'''
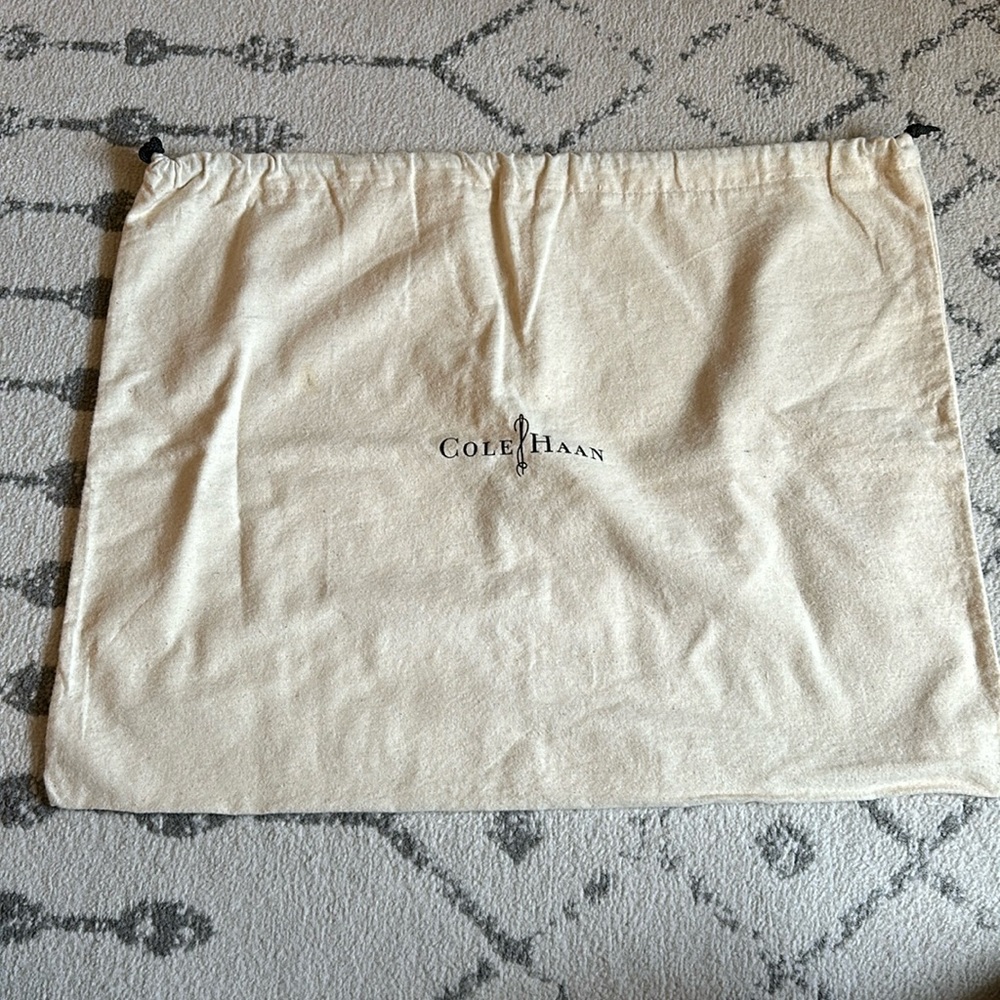 Cole Haan dust bag - 25 x 20. Small spot shown in picture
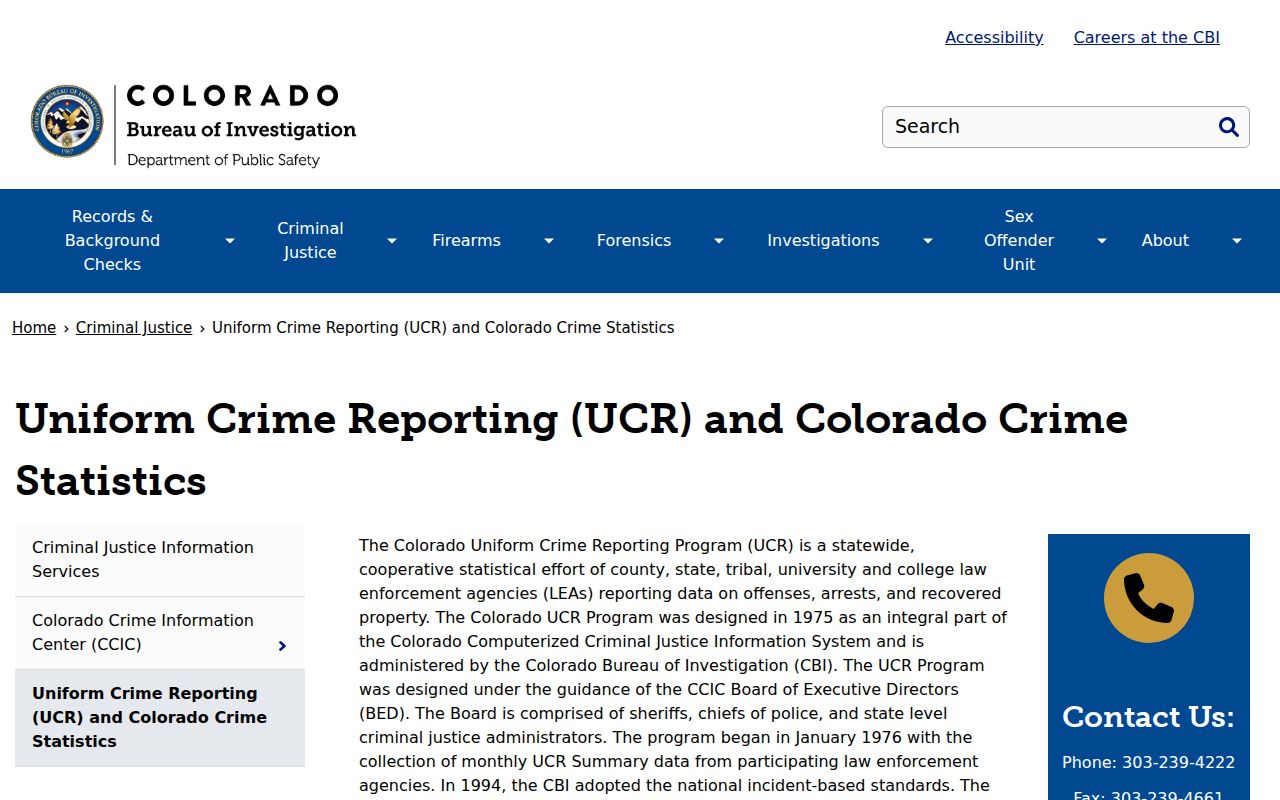 Grand County criminal history Colorado crime data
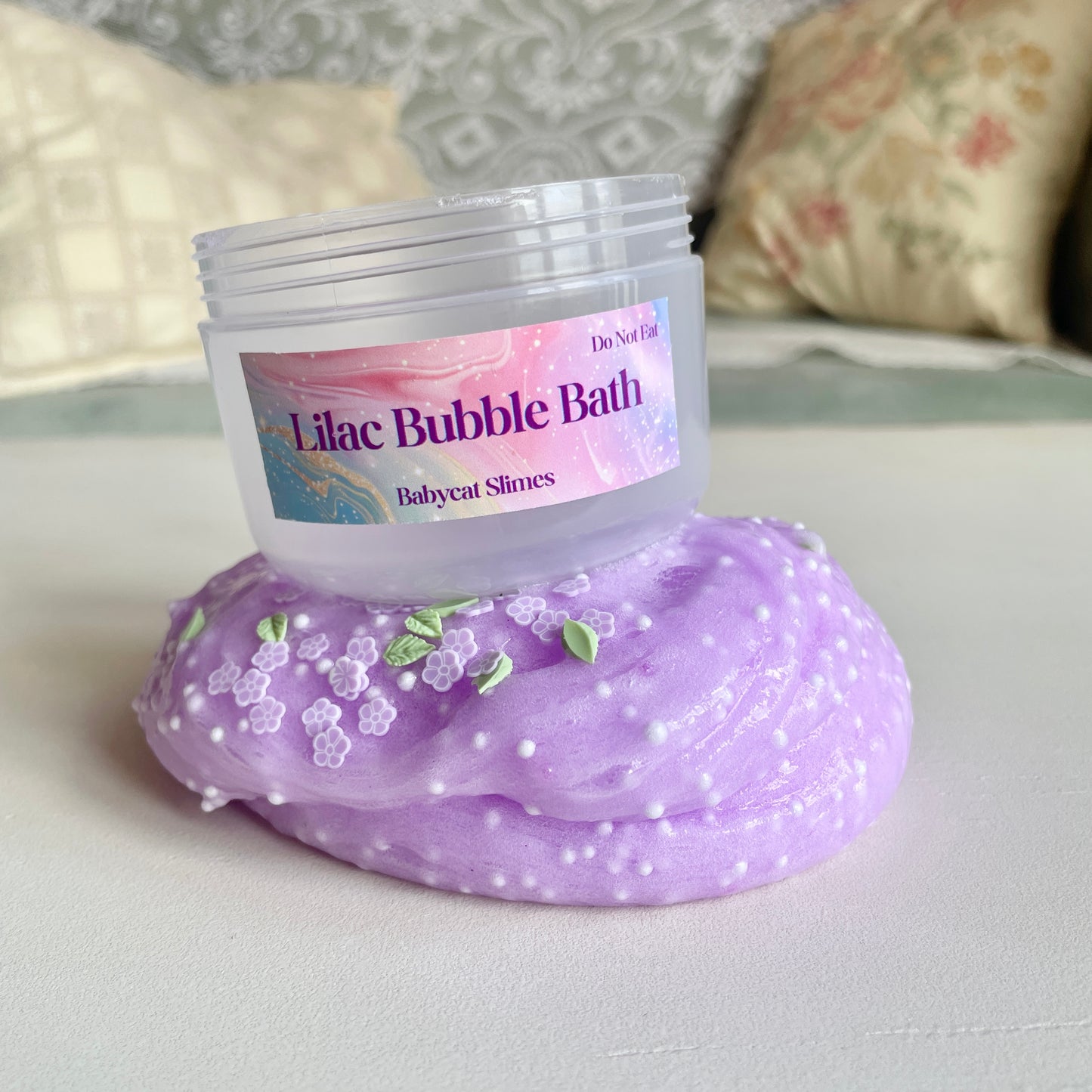 Lilac Bubble Bath - Clear Microfloam Slime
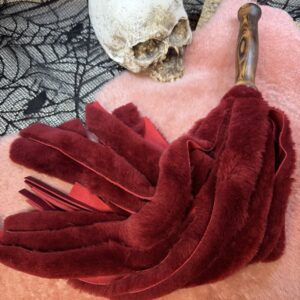 Vampires Kiss sheepskin and leather flogger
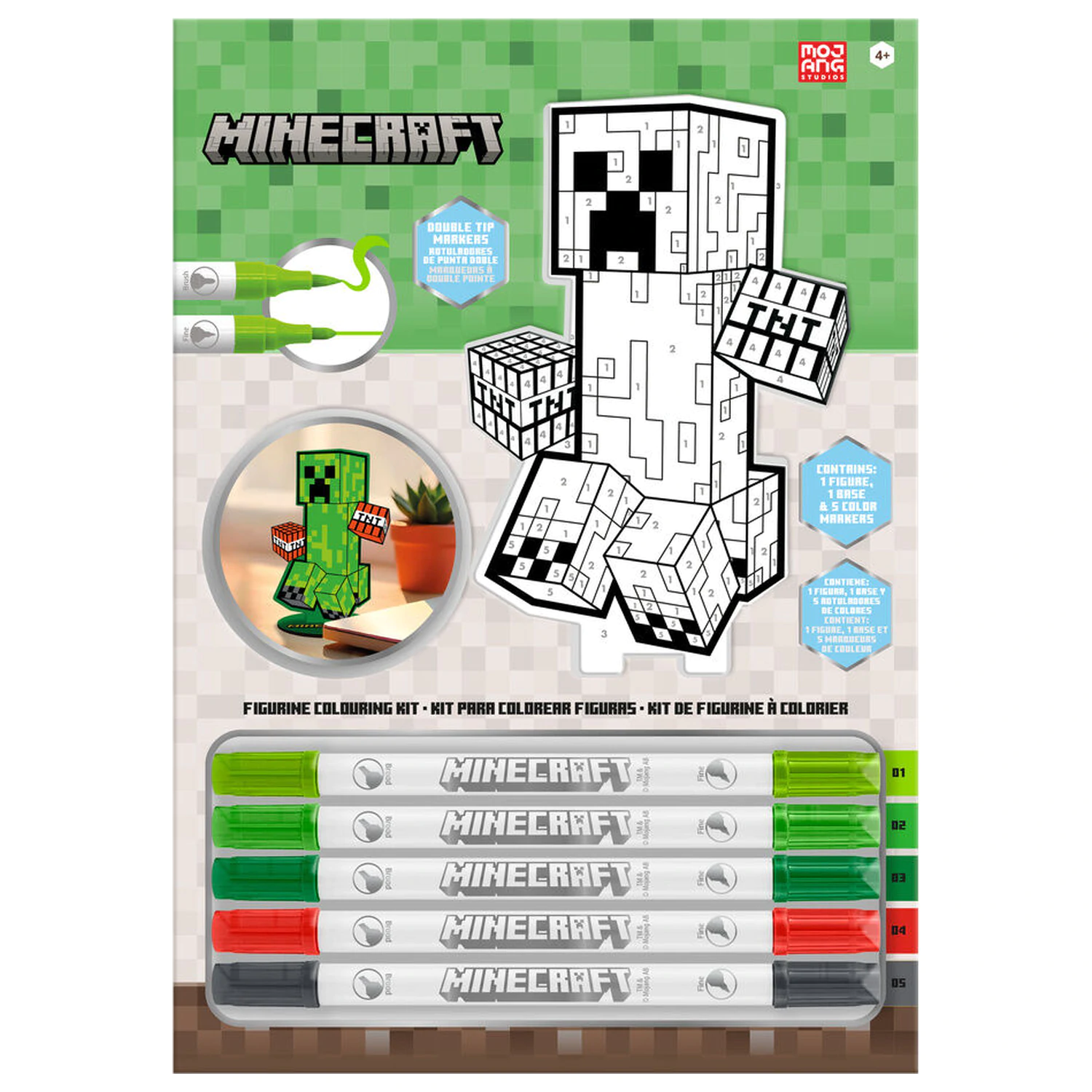 Minecraft zestaw do kolorowania zdjęcie produktu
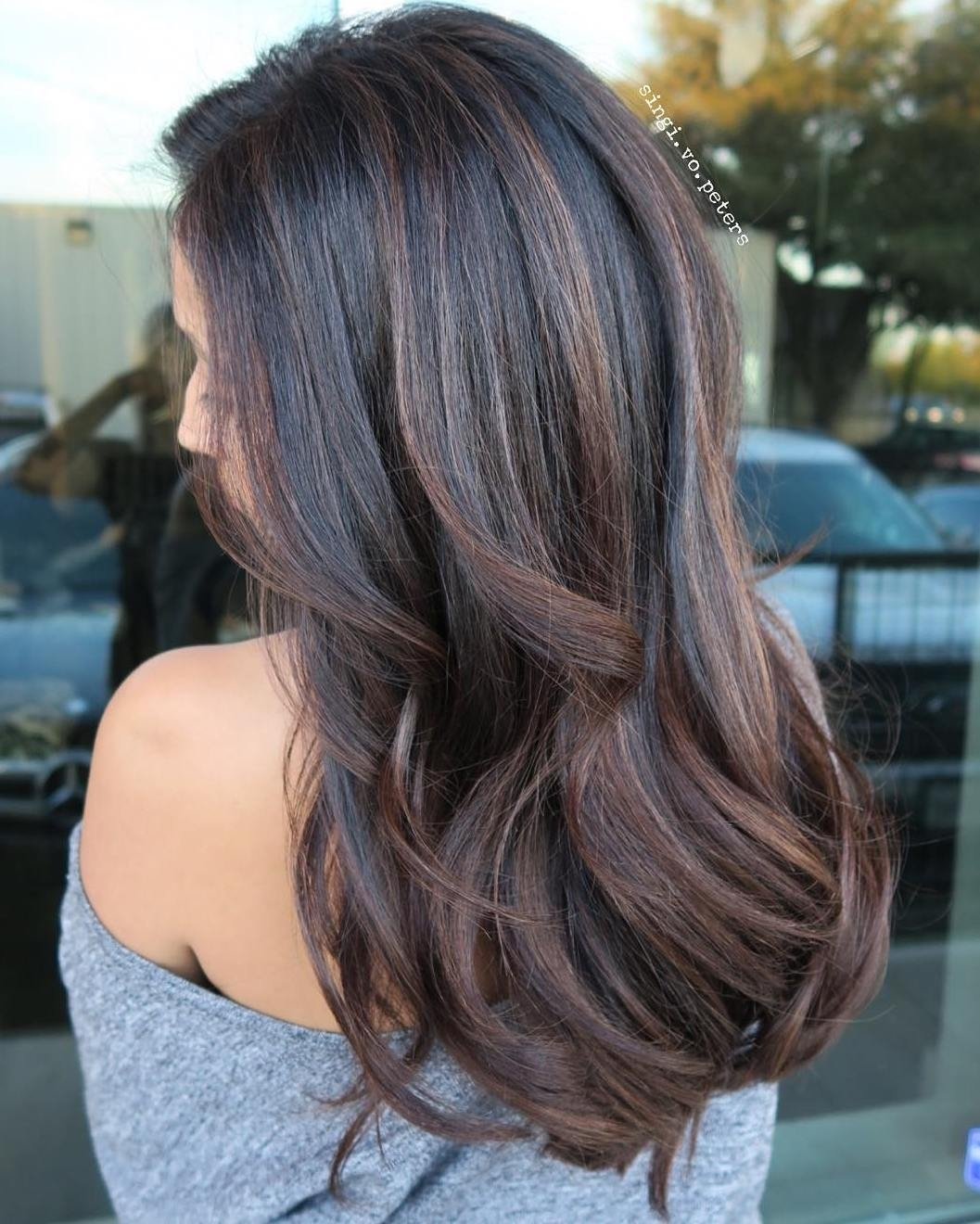 10 Gorgeous Hair Color Ideas For Dark Hair 70 balayage hair color ideas with blonde brown and caramel highlights 10 2022
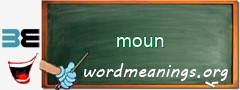 WordMeaning blackboard for moun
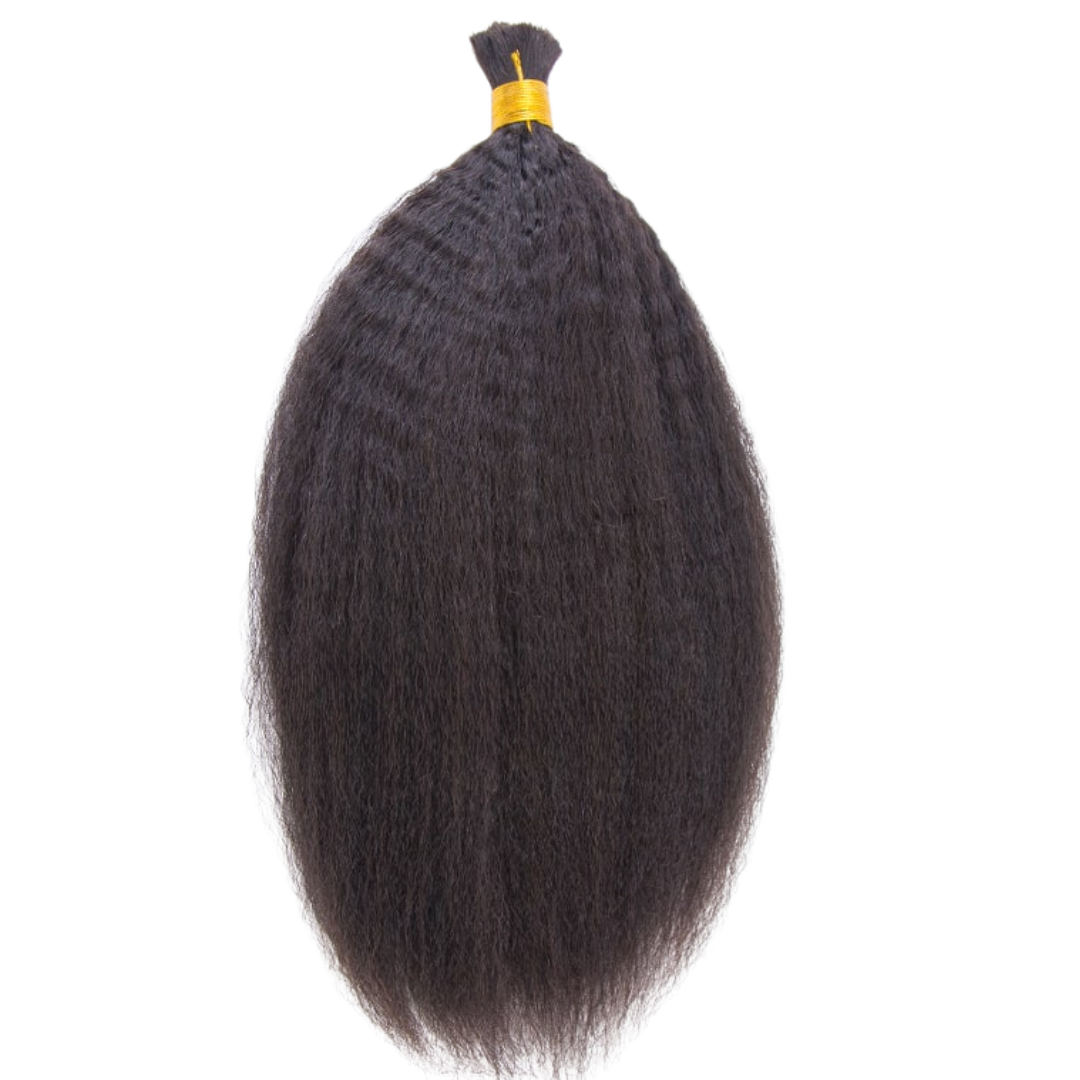 Kinky Straight Bulk Hair Bundles for Braiding,Indian Remy Human Hair
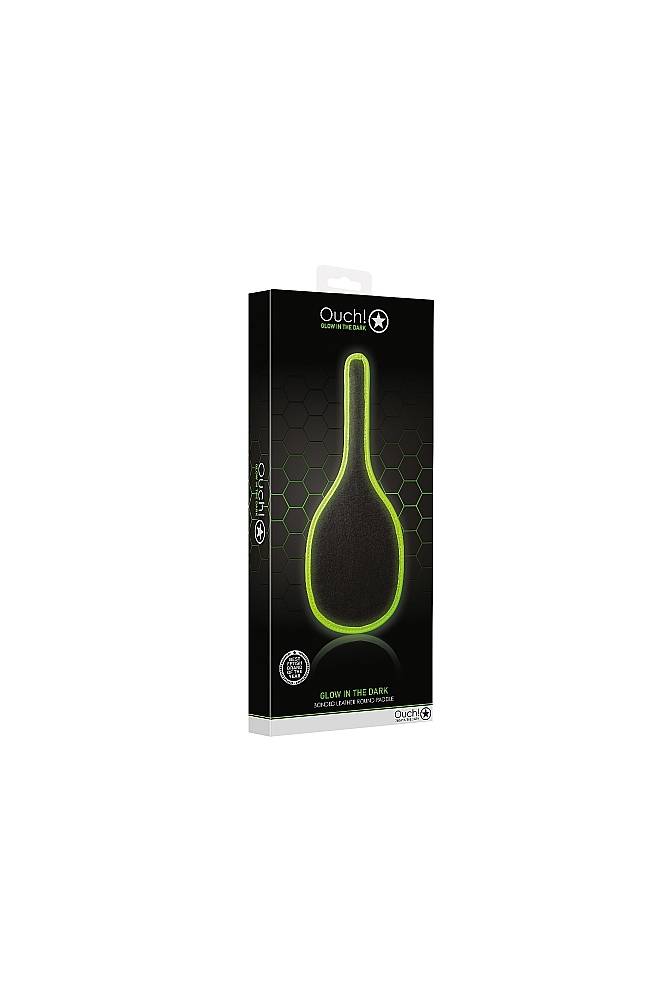 Ouch by Shots Toys - Glow - Round Paddle - Glow in the Dark BDSM - Tophatter Daily Deals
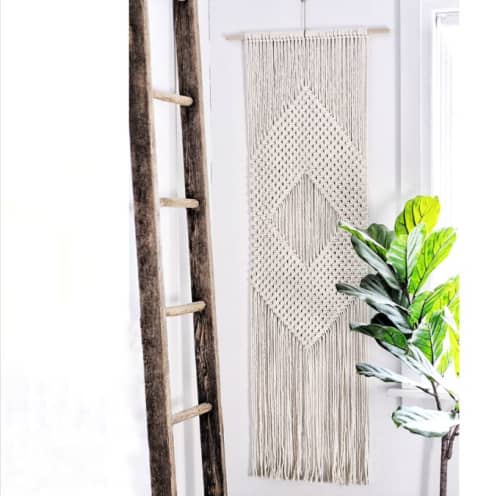 Facets | Macrame Wall Hanging in Wall Hangings by indie boho studio. Item composed of wood and cotton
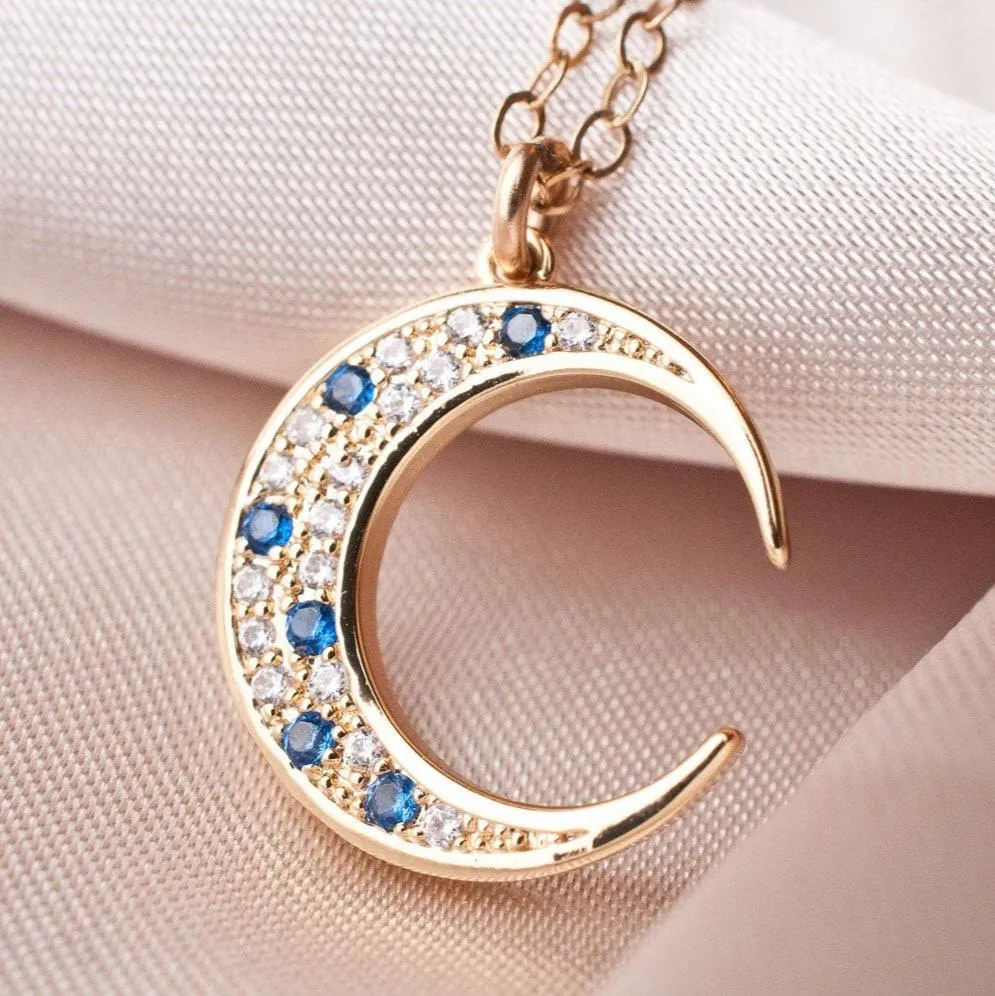 Moon Necklace In Gold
'''
* _Work to complete_: Print the entries above exactly, leaving pictures out.

* _Solution_:
 Cole Haan dust bag - 25 x 20. Small spot shown in picture
 Grand County criminal history Colorado crime data
 Lilac Bubble Bath - Clear Microfloam Slime
 Vampires Kiss sheepskin and leather flogger
 Minecraft zestaw do kolorowania zdjęcie produktu
 10 Gorgeous Hair Color Ideas For Dark Hair 70 balayage hair color ideas with blonde brown and caramel highlights 10 2022
 WordMeaning blackboard for moun
 Kinky Straight Bulk Hair Bundles for Braiding,Indian Remy Human Hair
 Ouch by Shots Toys - Glow - Round Paddle - Glow in the Dark BDSM - Tophatter Daily Deals
 Facets | Macrame Wall Hanging in Wall Hangings by indie boho studio. Item composed of wood and cotton
 Moon Necklace In Gold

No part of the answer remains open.